2. How large has the prostate become? To determine the size of the prostate, volumetric measurements of it can be obtained by ultrasonography or MRI. Prostate volume measurement, done by transrectal ultrasound, is an excellent way to determine if the prostate is getting larger over time. However, the performance of this type of ultrasound requires special skills.
3. To what degree has the BPH caused bladder muscle hypertrophy? Bladder muscle hypertrophy means the thickening of the bladder muscle. The more hypertrophy or thickening of the bladder muscle, the more likely a man will develop urinary incontinence, urgency, and frequency of urination in relation to BPH.
4. Is there a Post Void Residual? Some men with more advanced BPH are unable to empty their bladder completely. The residual amount of urine left over in the bladder after urinating is called Post Void Residual (PVR). This excess urine amount can be measured by ultrasound. All men and women typically have a small amount of PVR, usually only about one ounce. However, with BPH, the PVR may be elevated, and eventually, BPH may lead to urinary retention or infection.

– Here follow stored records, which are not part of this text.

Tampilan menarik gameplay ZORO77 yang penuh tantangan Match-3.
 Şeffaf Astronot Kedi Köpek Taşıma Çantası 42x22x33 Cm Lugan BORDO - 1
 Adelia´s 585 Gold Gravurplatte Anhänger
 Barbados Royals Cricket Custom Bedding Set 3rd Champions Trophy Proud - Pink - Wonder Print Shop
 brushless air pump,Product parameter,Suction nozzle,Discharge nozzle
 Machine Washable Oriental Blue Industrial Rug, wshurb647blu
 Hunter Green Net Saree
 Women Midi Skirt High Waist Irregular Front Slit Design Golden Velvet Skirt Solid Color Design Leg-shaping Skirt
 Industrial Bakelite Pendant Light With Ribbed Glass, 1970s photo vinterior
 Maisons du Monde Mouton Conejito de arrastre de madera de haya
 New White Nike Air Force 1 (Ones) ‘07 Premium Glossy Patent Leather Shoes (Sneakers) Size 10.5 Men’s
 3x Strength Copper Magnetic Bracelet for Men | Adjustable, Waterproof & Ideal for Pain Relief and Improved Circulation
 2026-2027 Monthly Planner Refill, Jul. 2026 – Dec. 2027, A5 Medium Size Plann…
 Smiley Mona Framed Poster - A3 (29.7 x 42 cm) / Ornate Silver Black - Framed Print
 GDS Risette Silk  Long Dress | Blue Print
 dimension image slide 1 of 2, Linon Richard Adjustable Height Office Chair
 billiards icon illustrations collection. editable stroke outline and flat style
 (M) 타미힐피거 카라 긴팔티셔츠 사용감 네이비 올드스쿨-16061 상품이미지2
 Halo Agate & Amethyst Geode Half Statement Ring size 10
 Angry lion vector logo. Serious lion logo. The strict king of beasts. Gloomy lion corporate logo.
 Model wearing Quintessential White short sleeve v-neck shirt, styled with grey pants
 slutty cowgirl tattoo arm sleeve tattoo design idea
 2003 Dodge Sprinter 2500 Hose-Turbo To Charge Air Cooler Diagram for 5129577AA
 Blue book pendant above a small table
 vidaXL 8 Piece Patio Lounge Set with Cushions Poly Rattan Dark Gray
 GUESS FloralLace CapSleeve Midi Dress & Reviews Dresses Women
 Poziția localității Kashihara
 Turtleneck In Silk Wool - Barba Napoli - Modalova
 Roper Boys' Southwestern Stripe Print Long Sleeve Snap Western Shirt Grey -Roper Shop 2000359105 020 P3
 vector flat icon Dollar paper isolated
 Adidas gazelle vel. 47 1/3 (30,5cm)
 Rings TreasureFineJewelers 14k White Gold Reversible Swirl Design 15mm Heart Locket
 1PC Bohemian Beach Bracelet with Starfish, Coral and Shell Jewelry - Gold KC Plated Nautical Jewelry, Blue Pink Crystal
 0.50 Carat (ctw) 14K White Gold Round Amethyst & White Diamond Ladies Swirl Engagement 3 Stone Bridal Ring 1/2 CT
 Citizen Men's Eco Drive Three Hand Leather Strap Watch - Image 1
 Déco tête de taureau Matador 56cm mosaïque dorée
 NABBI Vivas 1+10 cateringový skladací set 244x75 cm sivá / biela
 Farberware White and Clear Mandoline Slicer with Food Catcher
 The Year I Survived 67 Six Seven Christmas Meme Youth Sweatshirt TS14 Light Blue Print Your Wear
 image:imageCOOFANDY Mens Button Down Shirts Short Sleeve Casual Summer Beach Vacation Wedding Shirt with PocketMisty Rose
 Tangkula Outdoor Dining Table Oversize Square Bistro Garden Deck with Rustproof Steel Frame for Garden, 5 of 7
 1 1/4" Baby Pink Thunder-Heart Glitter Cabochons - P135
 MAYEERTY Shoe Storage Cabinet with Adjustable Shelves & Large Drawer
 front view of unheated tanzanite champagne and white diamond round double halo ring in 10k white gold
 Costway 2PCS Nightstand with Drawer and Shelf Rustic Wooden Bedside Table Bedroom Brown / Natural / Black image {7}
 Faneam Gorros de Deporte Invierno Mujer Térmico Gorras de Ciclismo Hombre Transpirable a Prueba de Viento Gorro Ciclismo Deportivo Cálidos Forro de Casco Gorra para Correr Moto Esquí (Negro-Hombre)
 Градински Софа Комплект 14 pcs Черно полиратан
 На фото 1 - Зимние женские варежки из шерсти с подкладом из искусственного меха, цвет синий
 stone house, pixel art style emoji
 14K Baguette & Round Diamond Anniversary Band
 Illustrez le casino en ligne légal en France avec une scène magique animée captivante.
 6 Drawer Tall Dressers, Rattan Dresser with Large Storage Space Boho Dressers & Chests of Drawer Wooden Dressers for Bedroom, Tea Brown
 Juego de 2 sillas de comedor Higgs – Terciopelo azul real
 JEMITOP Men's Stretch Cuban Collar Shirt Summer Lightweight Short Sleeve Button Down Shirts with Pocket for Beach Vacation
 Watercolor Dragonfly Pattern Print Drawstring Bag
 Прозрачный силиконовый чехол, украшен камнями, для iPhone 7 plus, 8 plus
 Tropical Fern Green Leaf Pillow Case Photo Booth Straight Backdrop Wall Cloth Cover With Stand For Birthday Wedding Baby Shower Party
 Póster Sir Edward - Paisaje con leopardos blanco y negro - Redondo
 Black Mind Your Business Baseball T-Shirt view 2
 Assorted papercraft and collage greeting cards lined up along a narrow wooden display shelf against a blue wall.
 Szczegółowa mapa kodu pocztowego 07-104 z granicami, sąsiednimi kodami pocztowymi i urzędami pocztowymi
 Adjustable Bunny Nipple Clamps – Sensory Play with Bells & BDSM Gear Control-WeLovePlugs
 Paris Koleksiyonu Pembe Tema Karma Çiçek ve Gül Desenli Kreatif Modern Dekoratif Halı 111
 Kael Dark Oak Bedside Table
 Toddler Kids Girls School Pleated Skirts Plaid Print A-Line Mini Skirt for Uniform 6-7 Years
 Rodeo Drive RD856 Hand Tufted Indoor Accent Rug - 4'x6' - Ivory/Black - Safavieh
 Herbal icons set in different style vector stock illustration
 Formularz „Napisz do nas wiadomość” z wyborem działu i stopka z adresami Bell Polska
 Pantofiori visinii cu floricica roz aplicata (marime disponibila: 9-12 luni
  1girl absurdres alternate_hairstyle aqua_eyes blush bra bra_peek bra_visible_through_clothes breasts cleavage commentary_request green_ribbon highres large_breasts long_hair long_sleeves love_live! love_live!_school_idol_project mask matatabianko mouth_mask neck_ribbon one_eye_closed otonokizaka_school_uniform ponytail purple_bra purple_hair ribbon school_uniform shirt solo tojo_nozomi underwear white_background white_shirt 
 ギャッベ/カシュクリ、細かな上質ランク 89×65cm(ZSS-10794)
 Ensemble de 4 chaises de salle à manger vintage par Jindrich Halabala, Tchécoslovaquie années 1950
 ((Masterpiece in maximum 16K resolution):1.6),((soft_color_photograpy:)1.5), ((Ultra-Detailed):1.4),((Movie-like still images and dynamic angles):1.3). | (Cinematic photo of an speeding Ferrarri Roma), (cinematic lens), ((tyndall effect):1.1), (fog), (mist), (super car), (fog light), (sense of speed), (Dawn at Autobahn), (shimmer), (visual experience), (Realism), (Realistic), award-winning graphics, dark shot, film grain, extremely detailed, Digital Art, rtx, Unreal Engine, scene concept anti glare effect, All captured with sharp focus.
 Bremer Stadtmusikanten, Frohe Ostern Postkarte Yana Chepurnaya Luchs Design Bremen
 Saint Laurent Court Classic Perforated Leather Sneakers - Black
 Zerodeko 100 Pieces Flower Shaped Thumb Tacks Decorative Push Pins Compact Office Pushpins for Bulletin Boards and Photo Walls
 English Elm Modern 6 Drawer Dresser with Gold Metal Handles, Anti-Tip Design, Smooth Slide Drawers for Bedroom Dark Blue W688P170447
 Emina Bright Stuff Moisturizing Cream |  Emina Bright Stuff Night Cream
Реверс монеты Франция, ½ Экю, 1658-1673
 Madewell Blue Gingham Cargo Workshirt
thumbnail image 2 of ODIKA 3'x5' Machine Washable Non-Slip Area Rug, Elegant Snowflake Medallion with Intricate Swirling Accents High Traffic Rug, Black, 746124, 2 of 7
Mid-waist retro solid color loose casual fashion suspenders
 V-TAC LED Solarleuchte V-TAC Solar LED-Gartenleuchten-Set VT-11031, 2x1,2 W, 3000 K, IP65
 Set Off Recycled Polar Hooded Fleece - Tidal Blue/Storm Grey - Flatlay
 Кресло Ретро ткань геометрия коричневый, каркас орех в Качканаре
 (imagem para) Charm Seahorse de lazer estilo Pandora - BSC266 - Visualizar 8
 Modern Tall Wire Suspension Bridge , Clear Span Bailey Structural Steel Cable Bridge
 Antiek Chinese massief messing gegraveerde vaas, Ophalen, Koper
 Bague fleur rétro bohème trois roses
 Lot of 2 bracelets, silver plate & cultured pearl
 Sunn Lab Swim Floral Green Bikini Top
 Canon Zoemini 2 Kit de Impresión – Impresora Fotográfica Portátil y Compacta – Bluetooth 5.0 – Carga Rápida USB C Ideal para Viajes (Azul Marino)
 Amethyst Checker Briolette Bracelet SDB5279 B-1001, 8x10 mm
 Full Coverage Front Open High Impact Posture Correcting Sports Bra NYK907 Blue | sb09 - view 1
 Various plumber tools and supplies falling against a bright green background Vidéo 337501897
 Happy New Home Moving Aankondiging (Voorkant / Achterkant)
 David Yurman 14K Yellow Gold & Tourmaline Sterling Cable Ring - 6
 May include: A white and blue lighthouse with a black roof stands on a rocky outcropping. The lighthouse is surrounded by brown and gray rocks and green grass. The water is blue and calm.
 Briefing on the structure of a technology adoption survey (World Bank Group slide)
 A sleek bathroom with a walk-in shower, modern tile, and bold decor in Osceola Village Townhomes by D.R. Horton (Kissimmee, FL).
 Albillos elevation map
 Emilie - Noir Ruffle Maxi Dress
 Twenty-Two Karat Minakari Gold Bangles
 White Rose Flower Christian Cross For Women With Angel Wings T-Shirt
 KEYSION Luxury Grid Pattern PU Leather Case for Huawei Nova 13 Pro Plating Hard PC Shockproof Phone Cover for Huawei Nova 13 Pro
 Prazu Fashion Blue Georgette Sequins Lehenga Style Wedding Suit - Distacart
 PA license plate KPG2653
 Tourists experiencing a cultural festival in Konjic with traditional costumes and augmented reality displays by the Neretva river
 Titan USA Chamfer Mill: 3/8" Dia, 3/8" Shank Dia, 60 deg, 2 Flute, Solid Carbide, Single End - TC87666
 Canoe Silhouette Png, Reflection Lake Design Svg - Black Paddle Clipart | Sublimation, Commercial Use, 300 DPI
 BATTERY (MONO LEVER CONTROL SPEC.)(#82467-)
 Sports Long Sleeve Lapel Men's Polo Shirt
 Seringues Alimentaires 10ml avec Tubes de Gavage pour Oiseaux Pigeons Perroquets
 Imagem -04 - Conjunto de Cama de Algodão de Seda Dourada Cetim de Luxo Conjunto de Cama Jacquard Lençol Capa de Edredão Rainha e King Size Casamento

As the urologist investigates a man’s symptoms related to BPH with the tools and technologies available, men can also track their symptoms. If you’re concerned that BPH may be to blame for your symptoms, pay attention to how many times a night you get up to go the bathroom. Also, track the amount of time between bathroom visits during waking hours. Make particular note of whether the urge to urinate is so strong that you develop urinary leakage before reaching the bathroom.
The development of an overwhelming urge to urinate that is accompanied by urinary leakage is often an ominous sign. It usually signifies the late result of untreated enlarged prostate. Men with bothersome symptoms such as these should undergo medical or surgical treatment. Even after treatment, men should still have regular check-ups with their urologist to determine whether there have been any changes or improvements in the symptoms. Men with mild symptoms who prefer no treatment should also see their urologist regularly to determine if their symptoms are progressing to the point that may warrant treatment consideration.
It is crucial for men to remain proactive when it comes to their urologic health so we as urologists can help resolve potential issues from becoming more significant problems. By working together, you and your body can age like a fine wine.